Feature #20601
closedOptimize arvados-dispatch-cloud performance when queue is very large
Description
- When fetching queued containers, sort by priority, and stop when reaching expected capacity
- Un-select
mounts
field when re-fetching a container whose mounts field we already have - Re-fetch container records less frequently when busy (but still frequently check for new queued containers if we have capacity to run them)

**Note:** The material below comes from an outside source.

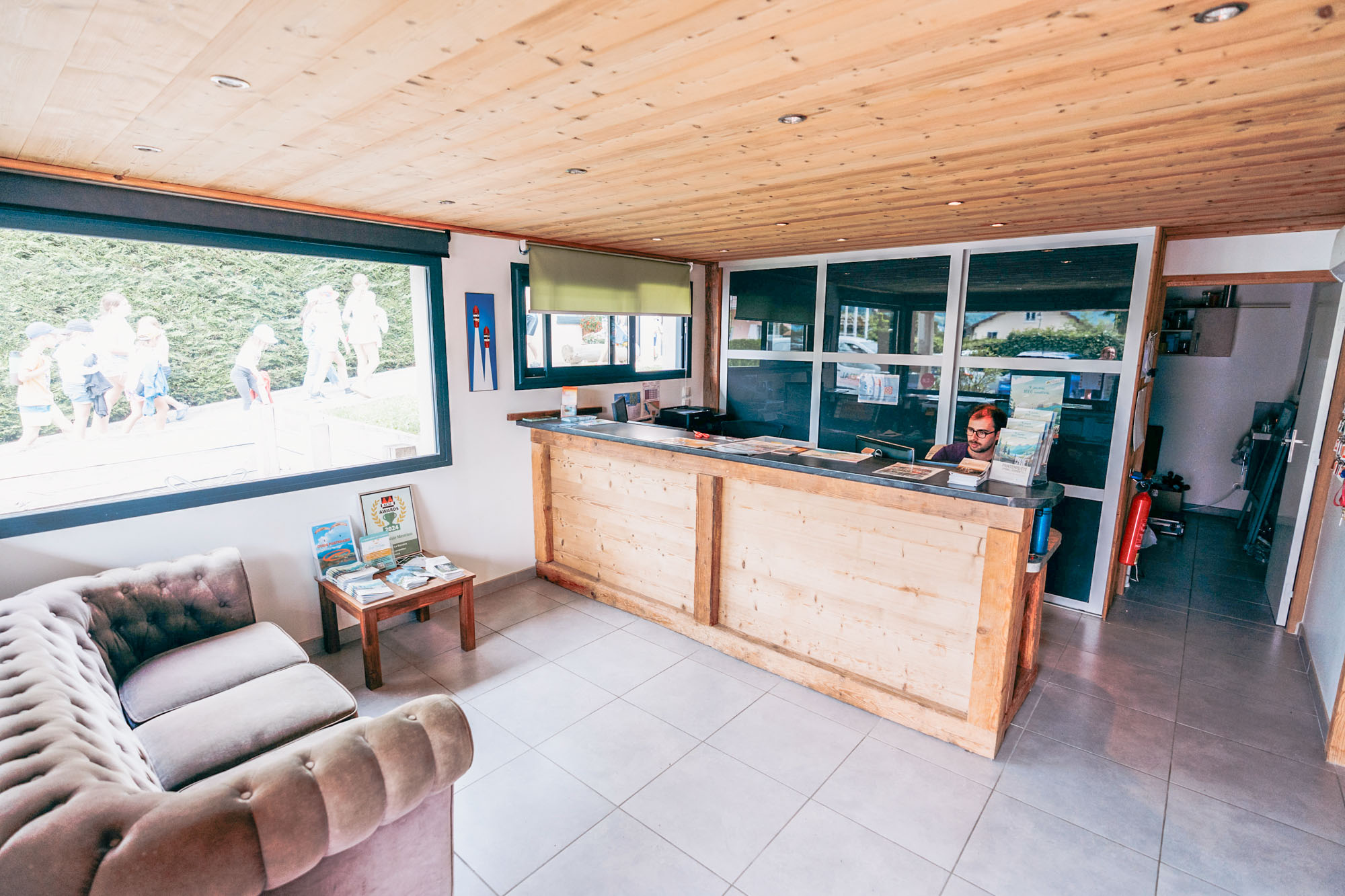 réception du camping familial La Ravoire à Doussard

Updated by Peter Amstutz over 1 year ago
- Target version changed from Future to Development 2023-06-21 sprint
Updated by Tom Clegg over 1 year ago
20601-big-ctr-queue @ 61b45d1413d21a4f6a0fd6449680f0d03eac1d88 -- developer-run-tests: #3697
Updated by Tom Clegg over 1 year ago
20601-big-ctr-queue @ b6103b727f2ffeae0d9a4702c158842df71a2128 -- developer-run-tests: #3699
In order of expected impact, we have:- Don't fetch all the "mounts" fields on every poll. Unselect when getting lists, then do one additional API call to get that field for each new container. This increases the total number of API calls, but makes the majority of the calls significantly cheaper when the mounts field is large.
- When there are thousands of queued containers, don't fetch multiple pages -- just one page of the highest priority new containers. (More precisely: only fetch enough pages [which may have as many as 1000 containers, it's up to RailsAPI] to see the 100 highest priority queued non-supervisor containers.)

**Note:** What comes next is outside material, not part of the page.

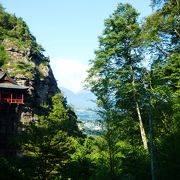 山を登ります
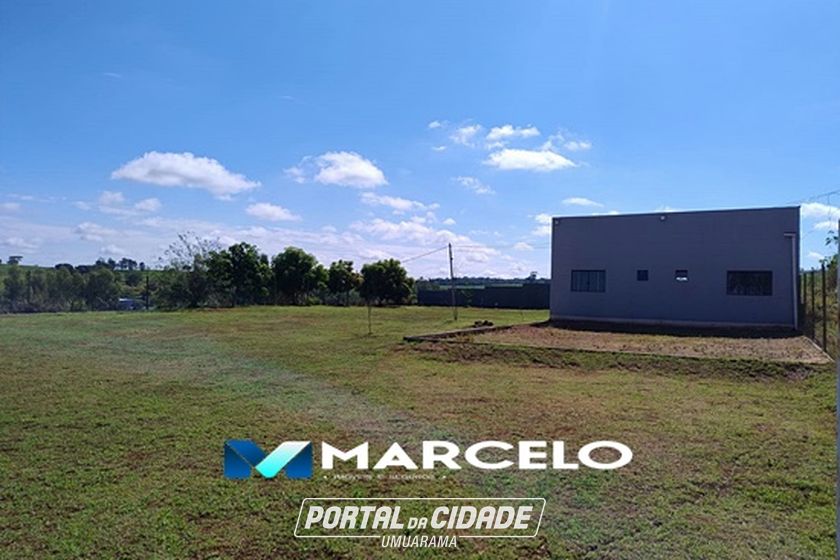 Ch&aacute;cara &agrave; venda - 2000m&sup2; - PR - 580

- Between queue polls, wait at least PollInterval and at least as long as the last poll took to complete. This avoids saturating RailsAPI with back-to-back requests when fetching the queue is slow due to either size or server load.
Updated by Tom Clegg over 1 year ago
20601-big-ctr-queue @ b312e657331120960dafb2e0b536f560e402486f
just adds a comment.
Updated by Peter Amstutz over 1 year ago
Tom Clegg wrote in #note-6:
20601-big-ctr-queue @ b312e657331120960dafb2e0b536f560e402486f
just adds a comment.
Is there a situation where a running container priority goes to 0 but it never notices because it is now always going to be at the end of the list?
... I guess you answered that in the last commit where it explicitly requests the states of "missing" containers.
What happens when the dispatcher restarts? Does it get container uuids from the running nodes and then look them up?
Otherwise, this LGTM.
Updated by Tom Clegg over 1 year ago
Peter Amstutz wrote in #note-7:
Is there a situation where a running container priority goes to 0 but it never notices because it is now always going to be at the end of the list?
... I guess you answered that in the last commit where it explicitly requests the states of "missing" containers.
Yes, exactly.
What happens when the dispatcher restarts? Does it get container uuids from the running nodes and then look them up?
If a crunch-run process is already running when dispatcher starts up, its container must already be in Locked state (or further along), so the "locked by me" or "missing" queries will pick it up.
Updated by Peter Amstutz over 1 year ago
Tom Clegg wrote in #note-8:
If a crunch-run process is already running when dispatcher starts up, its container must already be in Locked state (or further along), so the "locked by me" or "missing" queries will pick it up.
Great.
A new bug I noticed. This seems as good a branch as any to fix it.
maxSupervisors is calculated one time as MaxInstances * SupervisorFraction
.
The problem is, if maxConcurrency
gets adjusted downward, we could get into a situation where maxSupervisors > maxConcurrency
, which would result in starvation.
So, I think runQueue() needs to tweaked to recalculate maxSupervisors
based on min(maxInstances, maxConcurrency) * SupervisorFraction
.
Updated by Tom Clegg over 1 year ago
20601-supervisor-fraction @ 69148e44f11b50f1c4b1c1bc4c1871ab10c3e893 -- developer-run-tests: #3704
Updated by Peter Amstutz over 1 year ago
Tom Clegg wrote in #note-10:
20601-supervisor-fraction @ 69148e44f11b50f1c4b1c1bc4c1871ab10c3e893 -- developer-run-tests: #3704
Scheduler.maxSupervisors
is a ratio but then the variable maxSupervisors
in runQueue()
is a count. This is confusing.
Scheduler.maxSupervisors
should be renamed Scheduler.supervisorFraction
Rest LGTM.
Updated by Peter Amstutz over 1 year ago
- Status changed from In Progress to Resolved
I made the change and merged it (9075ef17087f7b3bdce308bfa5d60b4fe3863b51), so this is resolved, thanks.